Instructions for the task: Repeat the listing below line for line, exactly as shown.

Task input:
=== Section Start ===

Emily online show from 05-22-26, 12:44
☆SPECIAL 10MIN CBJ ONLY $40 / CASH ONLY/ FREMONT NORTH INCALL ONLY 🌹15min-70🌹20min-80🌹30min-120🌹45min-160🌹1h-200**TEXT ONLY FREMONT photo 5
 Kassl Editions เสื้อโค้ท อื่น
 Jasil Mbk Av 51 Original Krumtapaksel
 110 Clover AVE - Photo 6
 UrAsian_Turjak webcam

=== Section End ===

Answer space:
Emily online show from 05-22-26, 12:44
☆SPECIAL 10MIN CBJ ONLY $40 / CASH ONLY/ FREMONT NORTH INCALL ONLY 🌹15min-70🌹20min-80🌹30min-120🌹45min-160🌹1h-200**TEXT ONLY FREMONT photo 5
 Kassl Editions เสื้อโค้ท อื่น
 Jasil Mbk Av 51 Original Krumtapaksel
 110 Clover AVE - Photo 6
 UrAsian_Turjak webcam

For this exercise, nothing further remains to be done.